Final Thesis: Measuring Patch-Flow on Github

Abstract: For Open Source Software ( OS ) projects, collaboration is a key to success, as less collaboration between projects leads to projects with less progress. Patches from other OS projects provide the projects with a higher code quality or functionality. In literature, several papers examine the extent of collaboration on OS projects. Yet, most of these studies do not cover the collaboration between different projects. To understand the collaboration between OS projects, Source Code Management ( SCM ) repositories are an essential source. Between repositories exists a connection by patches, which can be obtained by data mining the projects repositories.
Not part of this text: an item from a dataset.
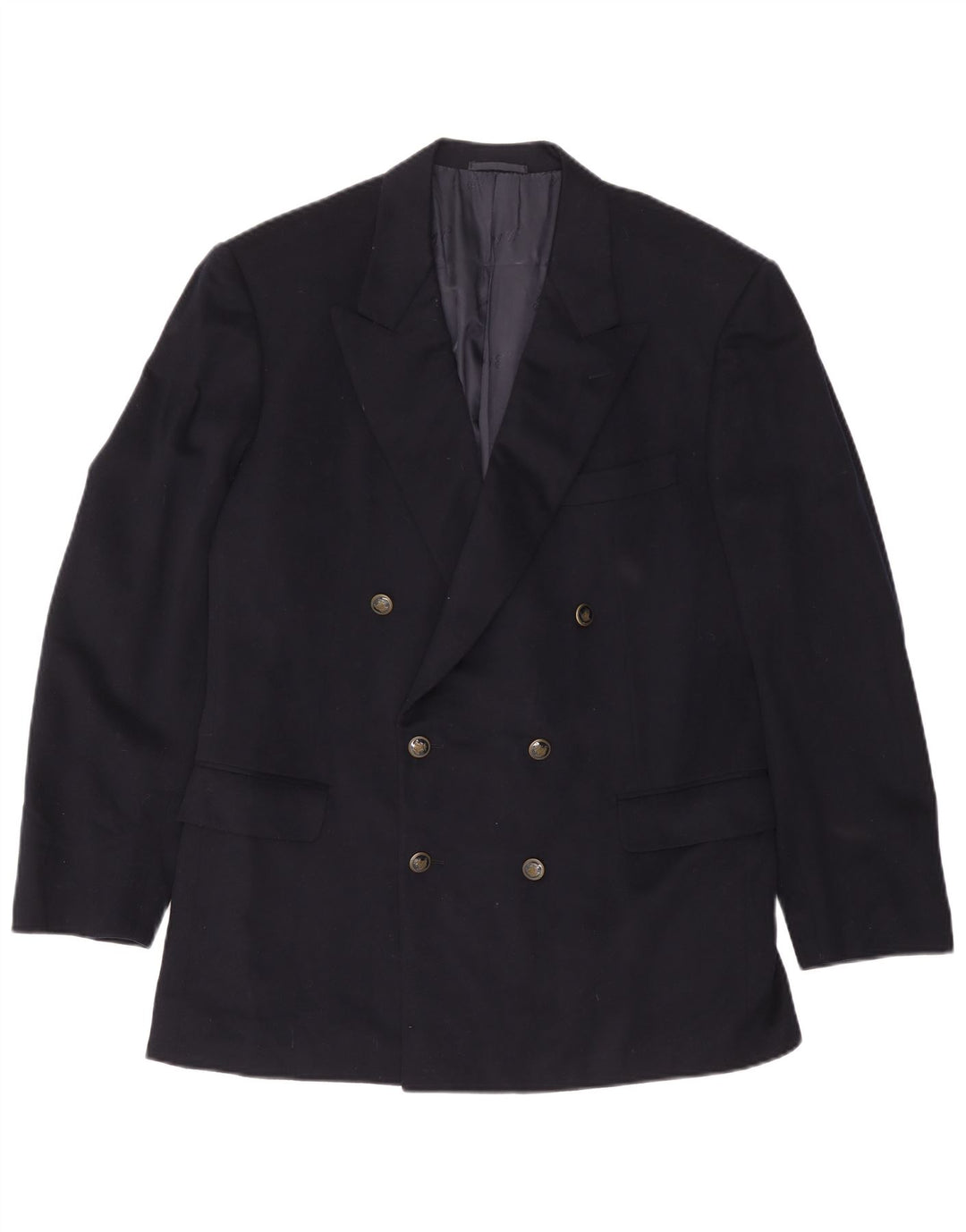 BELVEST Mens Double Breasted Blazer Jacket IT 52 XL Navy Blue Wool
The measurement of the connection by patches is very difficult, because the information about where the patches go and where they come from is not stored within a repository. Collaboration between OS projects can be expressed as so called Patch Flow. As an example for the OS world, I use GitHub.com as data source. I present to which extent Patch Flow exists between repositories and what circumstances influence Patch Flow. Further, I introduce a model which represents the Patch Flow in detail. Based on this model, I developed a crawler to collect data from the GitHub.com repositories. The analysis of the gathered data shows, that Patch Flow between OS projects exists. Numbers suggest, that collaboration among projects is common in OS projects.

Keywords: Measuring collaboration, mining software repositories, software analytics, open source

PDFs: Master Thesis, Work Description

Reference: Manuel Frederic Zerpies. Measuring Patch-Flow on Github. Master Thesis, Friedrich-Alexander-Universität Erlangen-Nürnberg: 2015.